Return each line below holding the string "modern".

===== SUPPLIED MATERIAL

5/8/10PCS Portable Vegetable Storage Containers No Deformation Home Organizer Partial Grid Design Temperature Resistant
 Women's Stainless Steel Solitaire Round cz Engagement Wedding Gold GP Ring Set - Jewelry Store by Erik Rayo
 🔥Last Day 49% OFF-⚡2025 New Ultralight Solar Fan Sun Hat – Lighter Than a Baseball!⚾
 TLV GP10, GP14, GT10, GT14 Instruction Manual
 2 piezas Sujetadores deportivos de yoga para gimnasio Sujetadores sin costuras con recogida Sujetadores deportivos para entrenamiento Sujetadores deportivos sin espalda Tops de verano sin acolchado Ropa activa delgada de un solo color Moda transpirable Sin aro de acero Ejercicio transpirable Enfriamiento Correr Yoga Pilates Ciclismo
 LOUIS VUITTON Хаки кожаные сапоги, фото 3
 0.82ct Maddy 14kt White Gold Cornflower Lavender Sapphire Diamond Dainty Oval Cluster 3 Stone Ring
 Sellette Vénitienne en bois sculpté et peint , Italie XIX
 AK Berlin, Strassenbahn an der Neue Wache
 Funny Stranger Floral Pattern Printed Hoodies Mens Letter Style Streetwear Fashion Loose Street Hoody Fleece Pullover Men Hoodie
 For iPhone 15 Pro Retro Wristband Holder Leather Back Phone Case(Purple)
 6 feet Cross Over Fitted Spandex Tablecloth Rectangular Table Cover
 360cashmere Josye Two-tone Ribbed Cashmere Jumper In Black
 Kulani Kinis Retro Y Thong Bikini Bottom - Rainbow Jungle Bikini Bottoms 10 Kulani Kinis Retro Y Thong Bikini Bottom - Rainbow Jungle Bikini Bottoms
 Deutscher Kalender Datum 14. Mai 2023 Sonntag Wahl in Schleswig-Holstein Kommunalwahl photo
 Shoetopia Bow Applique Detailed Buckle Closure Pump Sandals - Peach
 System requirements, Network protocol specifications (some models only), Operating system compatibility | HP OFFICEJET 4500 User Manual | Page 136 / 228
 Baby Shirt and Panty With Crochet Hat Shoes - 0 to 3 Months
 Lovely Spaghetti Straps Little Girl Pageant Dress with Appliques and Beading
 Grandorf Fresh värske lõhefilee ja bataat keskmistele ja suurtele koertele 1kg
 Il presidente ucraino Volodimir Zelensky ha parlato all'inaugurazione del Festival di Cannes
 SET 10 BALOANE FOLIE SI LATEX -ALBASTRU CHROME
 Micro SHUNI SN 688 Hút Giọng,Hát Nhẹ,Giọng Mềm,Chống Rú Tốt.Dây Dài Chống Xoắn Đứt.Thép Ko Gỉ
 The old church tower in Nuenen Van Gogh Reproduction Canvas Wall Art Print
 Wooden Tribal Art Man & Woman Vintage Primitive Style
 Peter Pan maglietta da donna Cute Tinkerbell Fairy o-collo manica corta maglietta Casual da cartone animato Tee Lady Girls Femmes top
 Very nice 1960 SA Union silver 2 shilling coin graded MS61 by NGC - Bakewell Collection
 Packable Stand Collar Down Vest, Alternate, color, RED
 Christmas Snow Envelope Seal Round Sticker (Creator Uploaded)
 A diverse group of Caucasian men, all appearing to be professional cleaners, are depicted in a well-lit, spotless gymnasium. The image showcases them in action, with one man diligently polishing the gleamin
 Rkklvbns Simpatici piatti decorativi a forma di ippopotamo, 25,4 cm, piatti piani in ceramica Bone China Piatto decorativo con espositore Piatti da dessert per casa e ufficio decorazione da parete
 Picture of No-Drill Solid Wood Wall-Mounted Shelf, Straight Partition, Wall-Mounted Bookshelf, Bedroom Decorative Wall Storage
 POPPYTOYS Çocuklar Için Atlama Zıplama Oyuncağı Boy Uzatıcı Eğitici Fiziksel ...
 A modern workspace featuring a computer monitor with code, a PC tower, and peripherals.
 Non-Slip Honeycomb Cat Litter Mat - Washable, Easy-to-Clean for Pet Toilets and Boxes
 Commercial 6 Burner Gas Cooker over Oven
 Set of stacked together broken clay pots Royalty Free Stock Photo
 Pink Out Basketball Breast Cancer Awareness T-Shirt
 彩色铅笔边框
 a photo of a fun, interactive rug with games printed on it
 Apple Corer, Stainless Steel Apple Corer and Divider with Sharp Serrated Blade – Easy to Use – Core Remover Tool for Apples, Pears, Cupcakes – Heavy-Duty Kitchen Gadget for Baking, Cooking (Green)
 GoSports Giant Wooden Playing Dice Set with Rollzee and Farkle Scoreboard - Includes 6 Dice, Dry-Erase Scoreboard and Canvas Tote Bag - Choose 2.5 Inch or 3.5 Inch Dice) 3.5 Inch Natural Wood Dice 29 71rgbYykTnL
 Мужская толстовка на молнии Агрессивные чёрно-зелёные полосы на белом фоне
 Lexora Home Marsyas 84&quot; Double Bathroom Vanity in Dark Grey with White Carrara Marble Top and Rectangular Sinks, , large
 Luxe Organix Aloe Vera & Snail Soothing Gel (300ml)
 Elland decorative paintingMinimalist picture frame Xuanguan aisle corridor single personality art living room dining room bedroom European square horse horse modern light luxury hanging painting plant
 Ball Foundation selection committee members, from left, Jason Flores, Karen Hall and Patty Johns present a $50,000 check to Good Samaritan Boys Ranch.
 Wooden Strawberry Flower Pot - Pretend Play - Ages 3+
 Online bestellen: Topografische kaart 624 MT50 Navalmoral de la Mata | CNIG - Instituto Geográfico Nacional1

==========

» RESPONSE:
 A modern workspace featuring a computer monitor with code, a PC tower, and peripherals.
 Elland decorative paintingMinimalist picture frame Xuanguan aisle corridor single personality art living room dining room bedroom European square horse horse modern light luxury hanging painting plant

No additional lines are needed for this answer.